Return any unused medicine to your pharmacist.

Product description

What CIRCADIN looks like

CIRCADIN 2 mg tablets are white to off-white round bi-convex shaped tablets

CIRCADIN tablets are available in a 30 tablet pack and a 7 tablet sample pack.

Ingredients

Active ingredient
Each CIRCADIN 2 mg tablet contains 2 mg melatonin as the active ingredient

Inactive ingredients:

Ammonio methacrylate copolymer type B,
calcium hydrogen phosphate,
lactose,
colloidal anhydrous silica,
purified talc
magnesium stearate.

Australian Sponsor

RAD Data Australia Pty Ltd
PKF Melbourne
Level 12, 440 Collins Street
Melbourne, VIC, 3000

Distributed in Australia by:

Aspen Pharma Pty Ltd
34-36 Chandos Street
St Leonards NSW 2065

Distributed in New Zealand by:

Pharmacy Retailing t/a
Healthcare Logistics
58 Richard Pearse Drive
Airport Oaks
Mangere
Auckland

This leaflet was prepared in May 2016

Australian Registration Number:
AUST R: 153959

CIRCADIN is a registered trademark of Neurim Pharmaceuticals.

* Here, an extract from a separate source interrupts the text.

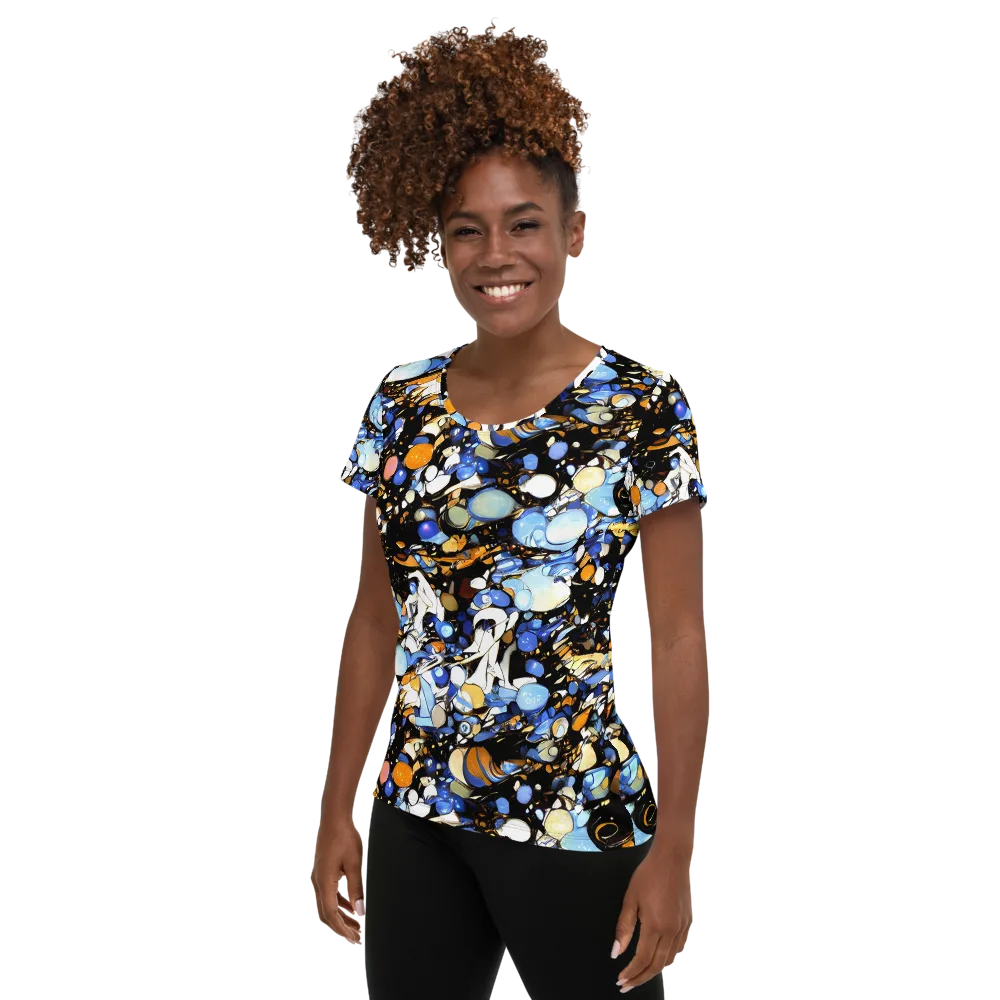 Sapphire Static on Women's Athletic T-Shirt — Left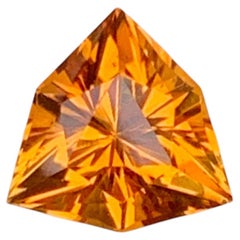 Vivid Orange Color Precision Trillion Cut Madeira Citrine Gemstone for Jewellery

Published by MIMS May 2017

BRAND INFORMATION

Brand name

Circadin

Active ingredient

Melatonin

Schedule

S4 | S3

Notes

Distributed by Aspen Pharmacare Australia Pty Ltd

1 Name of Medicine

Melatonin.

2 Qualitative and Quantitative Composition

Circadin 2 mg prolonged release tablets.
The active ingredient in Circadin prolonged release tablets is a melatonin not of plant or animal origin.

Excipient with known effect.

Lactose monohydrate.
For the full list of excipients, see Section 6.1 List of Excipients.

3 Pharmaceutical Form

Prolonged release tablet.
White to off-white, round, biconvex tablets.

4 Clinical Particulars

4.1 Therapeutic Indications

Monotherapy for the short term treatment of primary insomnia characterized by poor quality of sleep in patients who are aged 55 or over.

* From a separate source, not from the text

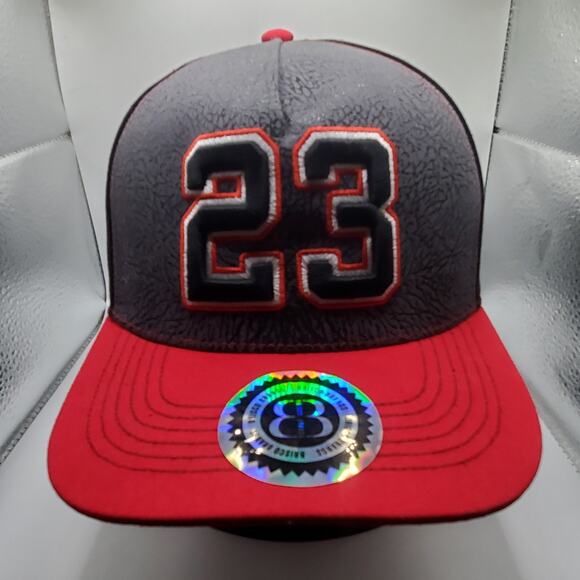 Jordan Style Brisco Brands Snapback Hat 23 GOAT Gray Red Flat Bill Adjustable25 - Picture 1 of 13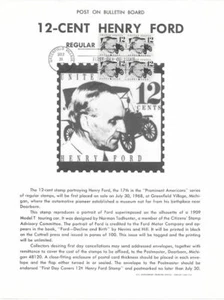 #1286A 12c Henry Ford Stamp Poster - Unofficial Souvenir Page Flat FD on B4 - Picture 1 of 1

4.2 Dose and Method of Administration

Oral use. Tablets should be swallowed whole.
The recommended dose is 2 mg once daily, 1-2 hours before bedtime and after food. This dosage may be continued for up to thirteen weeks.

Paediatric use.

Circadin is not recommended for use in children and adolescents below 18 years of age due to insufficient data on safety and efficacy.

Renal insufficiency.

The effect of any stage of renal insufficiency on melatonin pharmacokinetics has not been studied. Caution should be used when melatonin is administered to such patients.

Hepatic impairment.

There is no experience of the use of Circadin in patients with liver impairment. Published data demonstrates markedly elevated endogenous melatonin levels during daytime hours due to decreased clearance in patients with hepatic impairment. Therefore, Circadin is not recommended for use in patients with hepatic impairment.

4.3 Contraindications

Circadin prolonged release tablets are contraindicated in patients with a known hypersensitivity to any ingredient of the product (see Section 6.1 List of Excipients).

4.4 Special Warnings and Precautions for Use

Drowsiness.

Circadin may cause drowsiness. Therefore the product should be used with caution if the effects of drowsiness are likely to be associated with a risk to safety.

Autoimmune diseases.

No clinical data exist concerning the use of Circadin in individuals with autoimmune diseases. Therefore Circadin is not recommended for use in patients with autoimmune diseases.

Excipients.

The tablets contain lactose. Patients with rare hereditary problems of galactose intolerance, the Lapp lactase deficiency or glucose-galactose malabsorption should not take this medicine.

Use in the elderly.

Paediatric use.

Circadin is not recommended for use in children and adolescents below 18 years of age due to insufficient data on safety and efficacy.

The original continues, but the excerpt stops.